(Extracted data entries)
--------------------------------

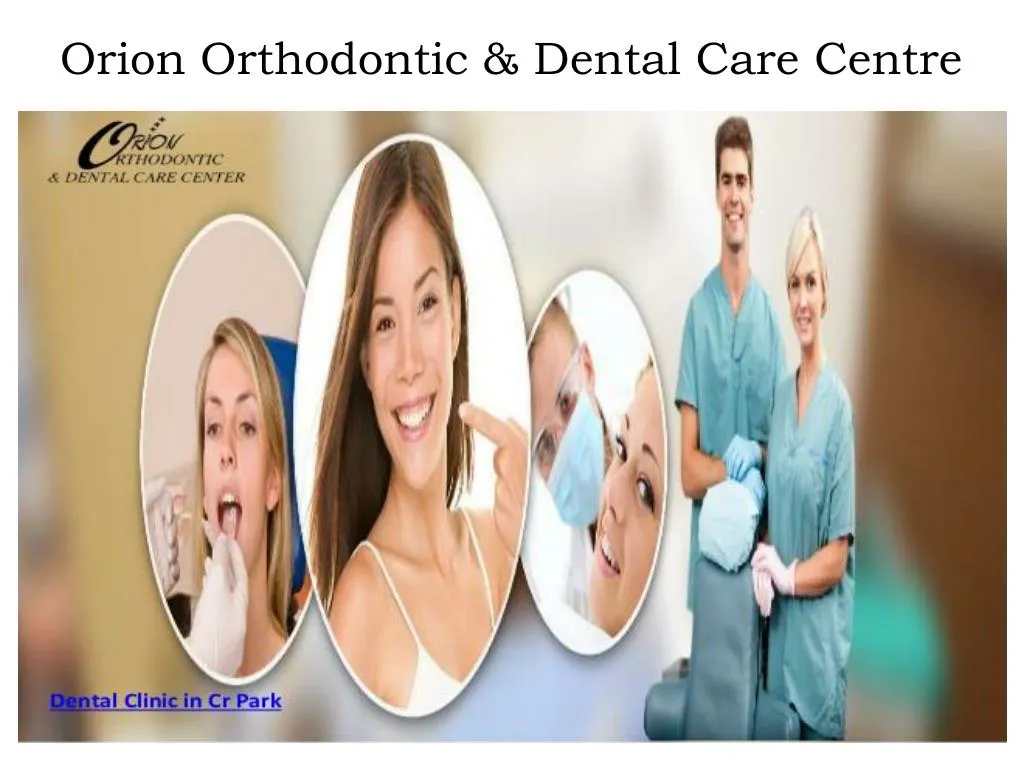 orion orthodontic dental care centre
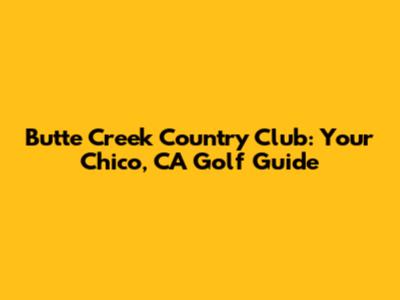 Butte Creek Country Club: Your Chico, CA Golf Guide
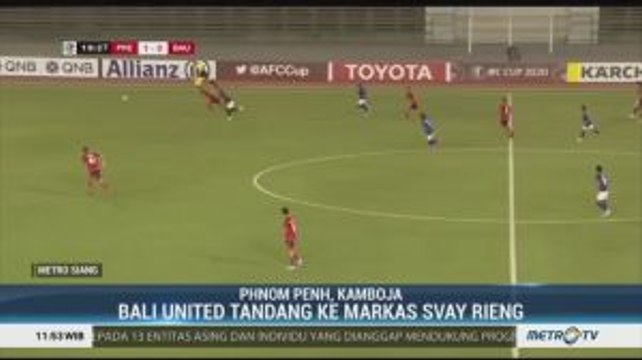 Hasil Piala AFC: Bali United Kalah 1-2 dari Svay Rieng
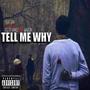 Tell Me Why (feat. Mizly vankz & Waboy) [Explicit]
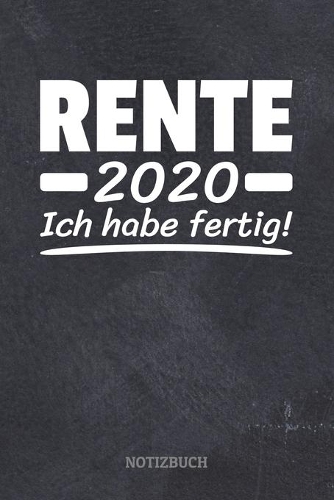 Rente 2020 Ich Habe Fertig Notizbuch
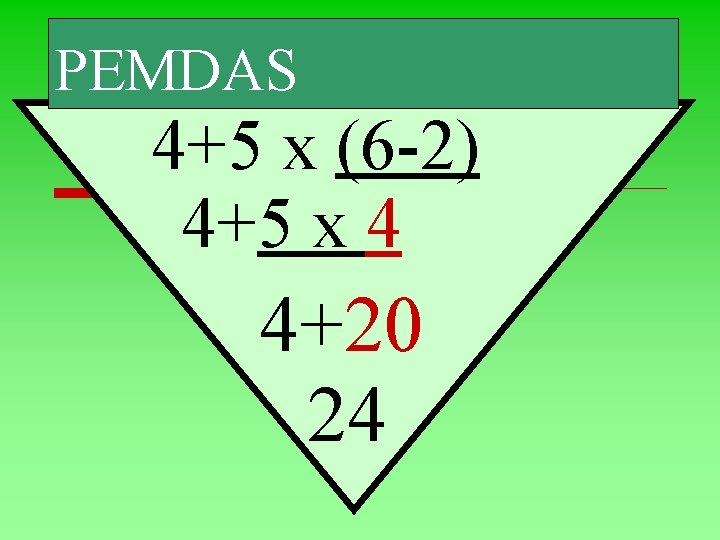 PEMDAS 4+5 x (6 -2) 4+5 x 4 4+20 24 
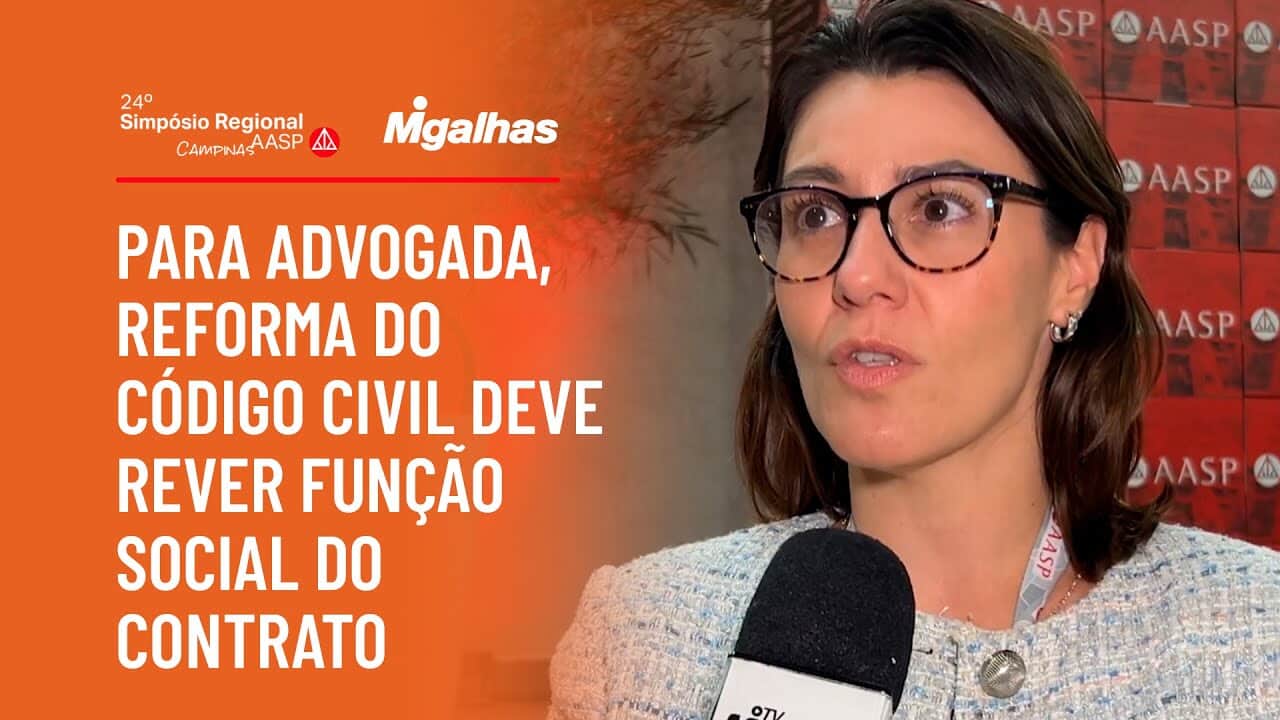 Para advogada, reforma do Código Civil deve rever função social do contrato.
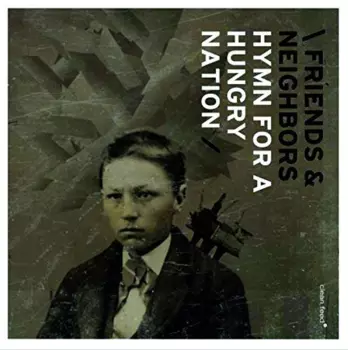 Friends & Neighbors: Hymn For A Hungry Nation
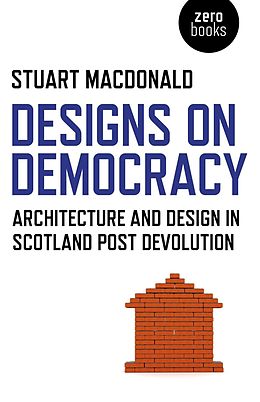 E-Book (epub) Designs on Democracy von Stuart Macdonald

--------------------------------

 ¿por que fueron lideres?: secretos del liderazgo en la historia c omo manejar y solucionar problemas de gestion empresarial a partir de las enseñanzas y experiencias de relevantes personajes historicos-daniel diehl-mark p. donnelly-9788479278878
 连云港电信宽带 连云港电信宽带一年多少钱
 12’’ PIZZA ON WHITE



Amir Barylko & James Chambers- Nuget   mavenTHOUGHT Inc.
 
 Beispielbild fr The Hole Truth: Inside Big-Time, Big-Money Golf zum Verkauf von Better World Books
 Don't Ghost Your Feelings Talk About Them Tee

--------------------------------

Only the lines above from the line containing "diehl-mark p. donnelly-9788479278878" through the line containing "Beispielbild fr The" should be retyped, exactly and with both ends included.

ANSWER FOR THIS EXERCISE ::
 ¿por que fueron lideres?: secretos del liderazgo en la historia c omo manejar y solucionar problemas de gestion empresarial a partir de las enseñanzas y experiencias de relevantes personajes historicos-daniel diehl-mark p. donnelly-9788479278878
 连云港电信宽带 连云港电信宽带一年多少钱
 12’’ PIZZA ON WHITE



Amir Barylko & James Chambers- Nuget   mavenTHOUGHT Inc.
 
 Beispielbild fr The Hole Truth: Inside Big-Time, Big-Money Golf zum Verkauf von Better World Books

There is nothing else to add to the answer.